[Records to process]
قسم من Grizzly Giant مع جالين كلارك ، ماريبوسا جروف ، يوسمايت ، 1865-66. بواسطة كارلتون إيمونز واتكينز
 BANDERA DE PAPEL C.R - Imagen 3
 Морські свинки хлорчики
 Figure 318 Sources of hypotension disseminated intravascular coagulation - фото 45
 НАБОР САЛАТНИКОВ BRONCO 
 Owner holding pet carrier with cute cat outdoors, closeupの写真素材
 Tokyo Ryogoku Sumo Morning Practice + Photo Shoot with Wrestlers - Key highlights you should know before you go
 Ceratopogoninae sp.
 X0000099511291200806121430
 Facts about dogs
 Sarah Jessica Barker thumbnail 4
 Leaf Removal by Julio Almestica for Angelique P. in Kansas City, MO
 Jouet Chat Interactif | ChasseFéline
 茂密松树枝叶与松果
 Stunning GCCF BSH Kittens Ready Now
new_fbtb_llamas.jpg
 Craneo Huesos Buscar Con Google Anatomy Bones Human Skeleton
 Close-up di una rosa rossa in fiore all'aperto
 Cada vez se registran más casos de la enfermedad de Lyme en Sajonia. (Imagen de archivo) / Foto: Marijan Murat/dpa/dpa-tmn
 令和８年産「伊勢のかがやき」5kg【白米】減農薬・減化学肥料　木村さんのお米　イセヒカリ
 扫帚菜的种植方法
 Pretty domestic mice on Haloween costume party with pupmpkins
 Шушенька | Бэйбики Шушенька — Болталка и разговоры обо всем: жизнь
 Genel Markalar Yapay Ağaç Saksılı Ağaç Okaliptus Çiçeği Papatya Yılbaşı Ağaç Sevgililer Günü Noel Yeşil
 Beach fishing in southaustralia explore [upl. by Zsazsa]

[Problem to work on] What lines of the listing above hold "with"? Copy all of them.

[Answer below]
 Owner holding pet carrier with cute cat outdoors, closeupの写真素材
 Tokyo Ryogoku Sumo Morning Practice + Photo Shoot with Wrestlers - Key highlights you should know before you go
 Pretty domestic mice on Haloween costume party with pupmpkins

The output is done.